O ciclo Memórias de Intenção Política foi uma dessas experiências. Para a realizar convidámos artistas a criar objetos artísticos na área das artes performativas sobre temas políticos. Escolhemos artistas que, no seio do seu trabalho, tivessem condições para assumir perspectivas que levassem a problematizar as infâncias e a considerá-las na construção e comunicação da sua arte. Queríamos ensaiar proximidades entre juventude, política e participação.

Para que esta experiência de programação tornasse mais profundas as zonas de exploração de proximidade aos espectadores, tomámos as narrativas autobiográficas como detonador artístico para a implicação dos jovens espectadores. O trabalho artístico autobiográfico joga numa fronteira ténue entre realidade e ficção, relacionando e ampliando as questões contemporâneas que encontram ressonância nos espectadores.

O sentido político que se inscreve no conjunto destes cinco espetáculos passa pela atualidade política que os temas propõem ou pela ressonância histórica que estes têm no presente.

Ao autorizar a infância a um universo temático que normalmente lhe é vedado, estamos a redistribuir relações de poder e a propor inscrever uma comunidade de iguais e de simultâneos, porque a simultaneidade das vozes é que é a assembleia. Esta comunidade constrói-se, não por critérios etários, mas a partir da vivência de uma experiência sensível comum que agrega muitas idades em redor de um objeto artístico contemporâneo - uma arte vital que não separa a arte e a vida. Desmantela-se mais esta fronteira e desinstalam-se pressupostos que encerram a infância em si mesma.
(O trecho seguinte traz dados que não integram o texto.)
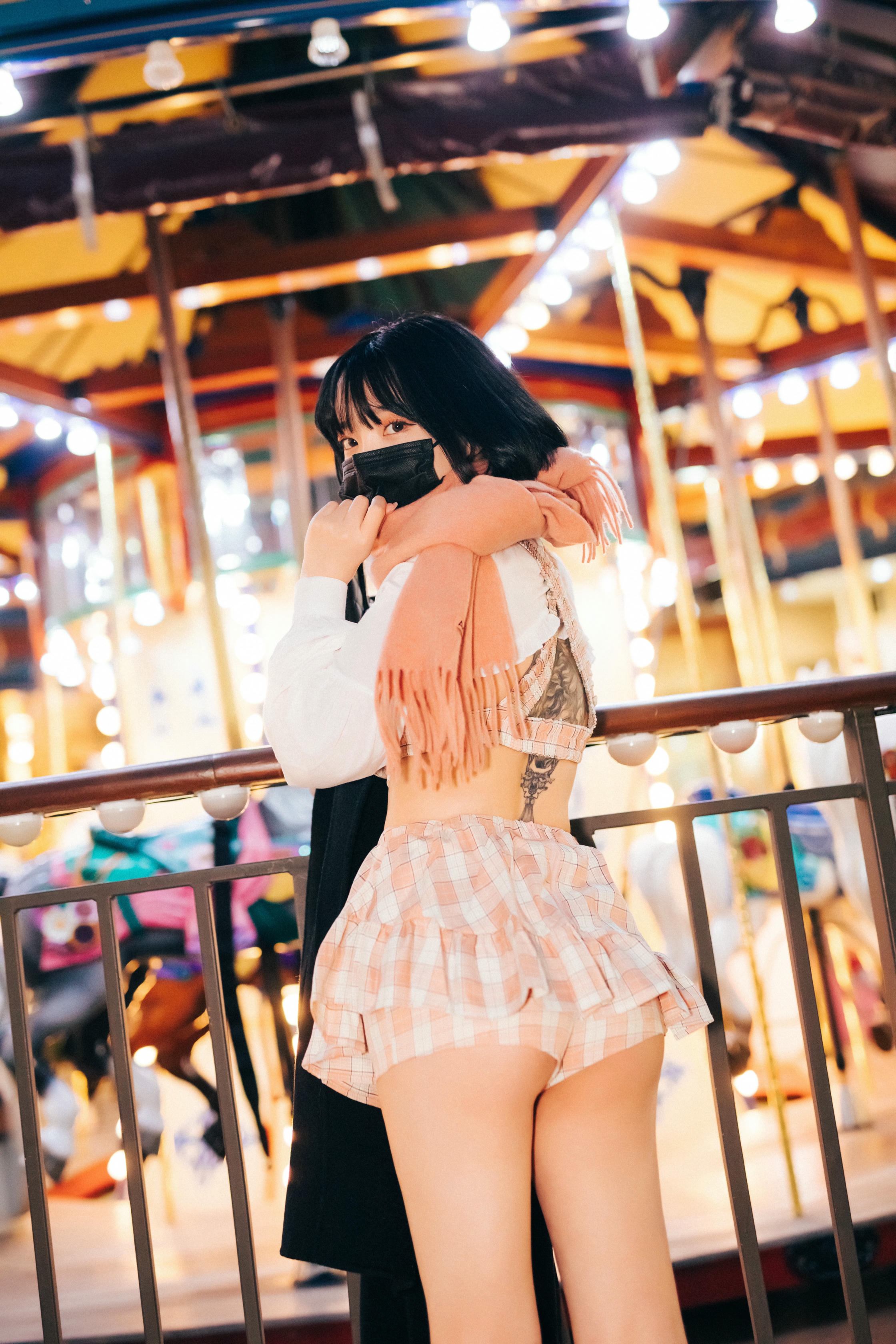 韩国模特孙乐乐-042_Loozy Son Ye-Eun (손예은)  Double Date+S.Ver [94P-705MB]-double-y_第4集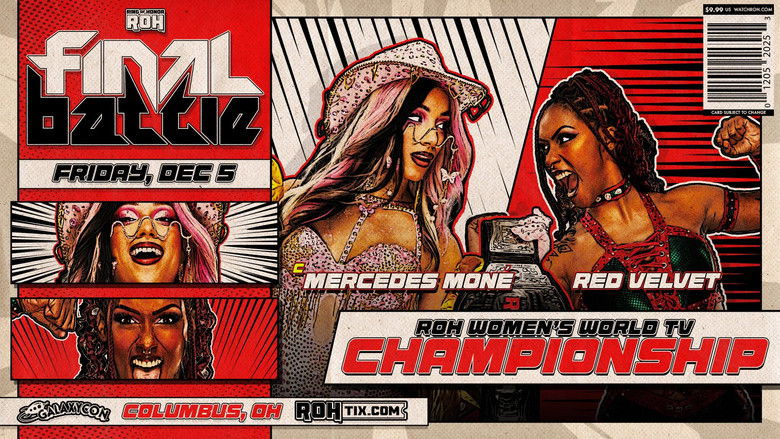 ROH Final Battle 2025 (2025)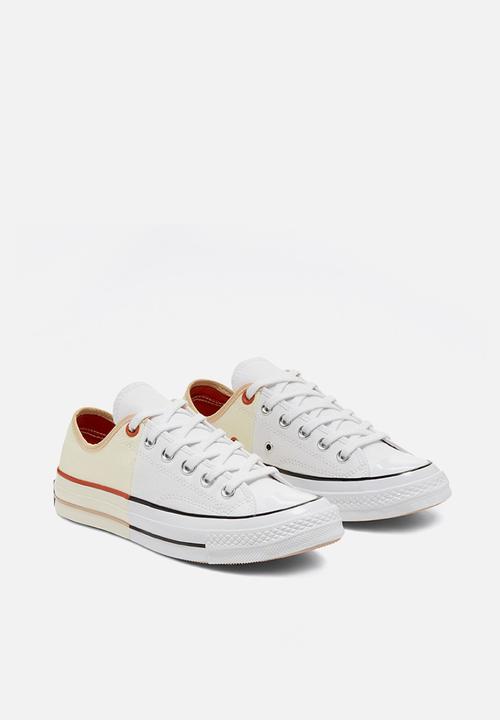 Converse - Chuck 70 ox - white/egret/shimmer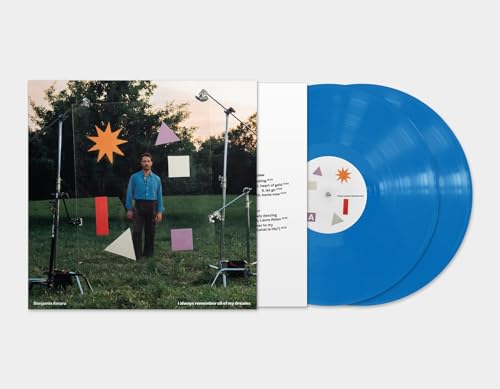 I Always Remember All of My Dreams [Vinyl LP] von Warner Music International (Warner)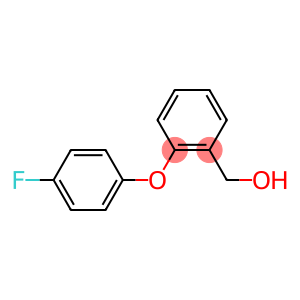 2-(4-氟苯氧基)苯甲醇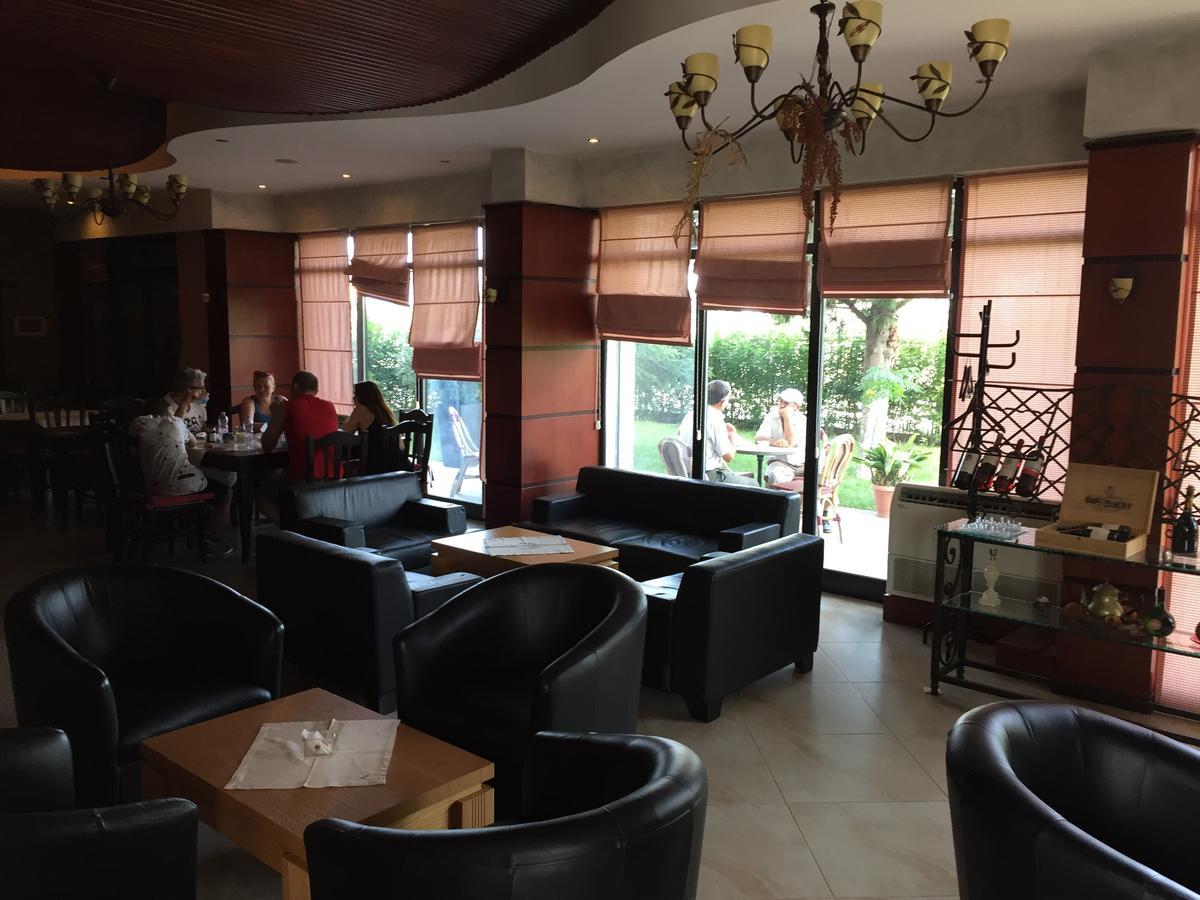 Icon Hotel Vlorë Exteriér fotografie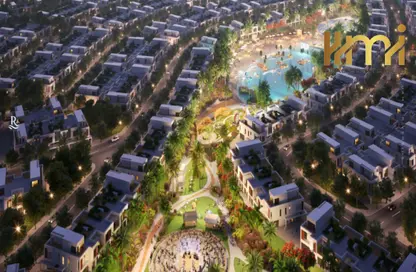 Townhouse - 5 Bedrooms - 5 Bathrooms for sale in Lush at DAMAC Riverside - Dubai Investment Park 2 (DIP 2) - Dubai Investment Park (DIP) - Dubai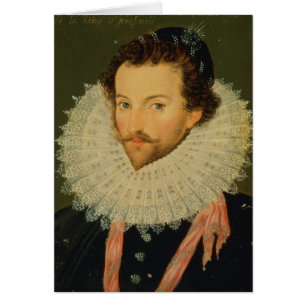 Monsieur Walter Raleigh 2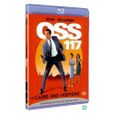 DVD FILM Blu-Ray Oss 117, le caire nid d'espions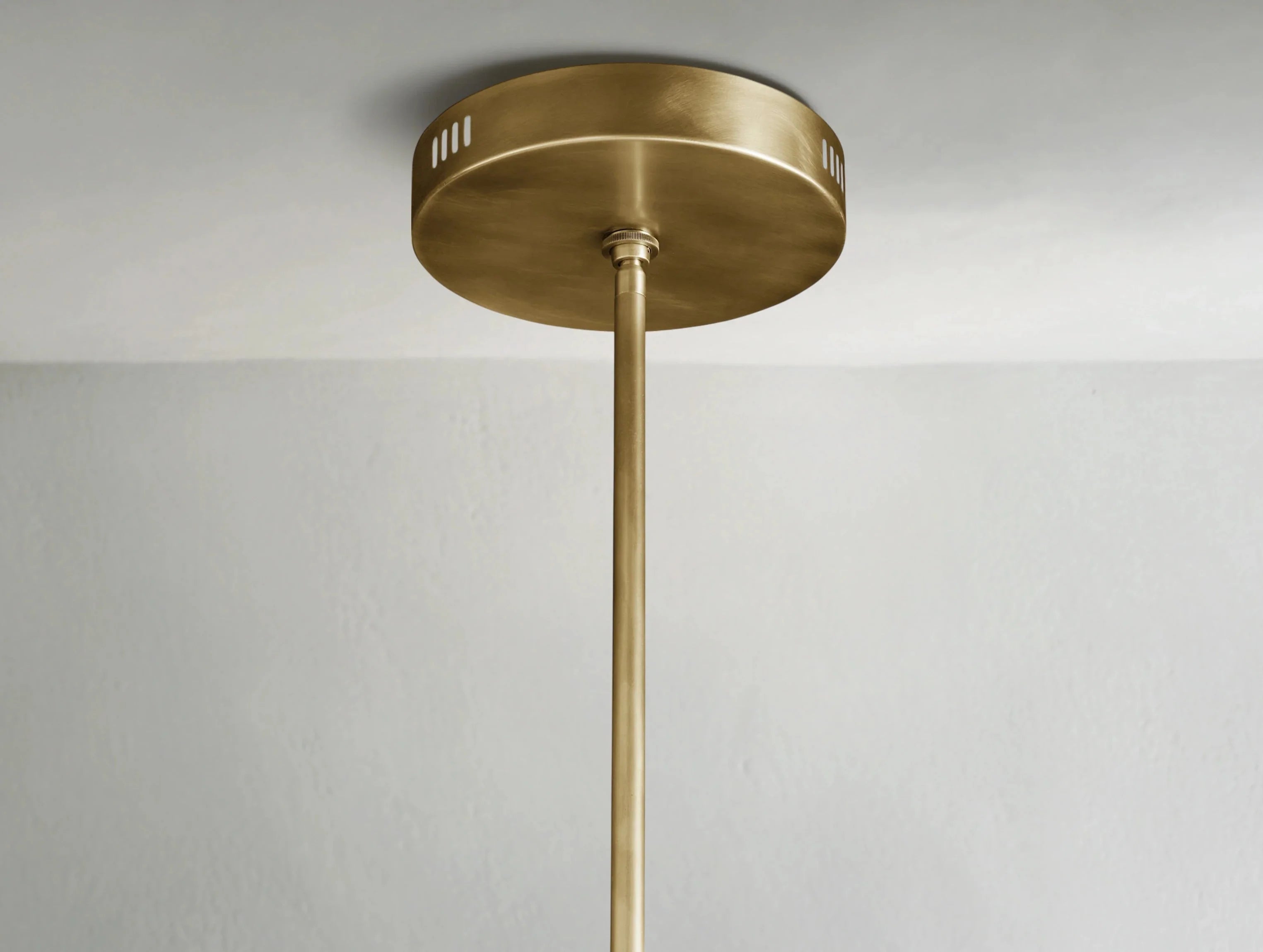 Gearra LED Round Chandelier ZELNO LIGHTING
Dá-se um passo afirmativo face à dimensão política da arte e da infância.


Nota: este texto foi elaborado com base no artigo "As vozes da infância numa comunidade artística" (Le Monde Diplomatique - Edição Portuguesa, maio de 2017) e na palestra "A política não é para crianças?" apresentada em Paris, em junho deste ano, na 12ª Conferência Internacional Arts in Society, ambos assinados pela autora.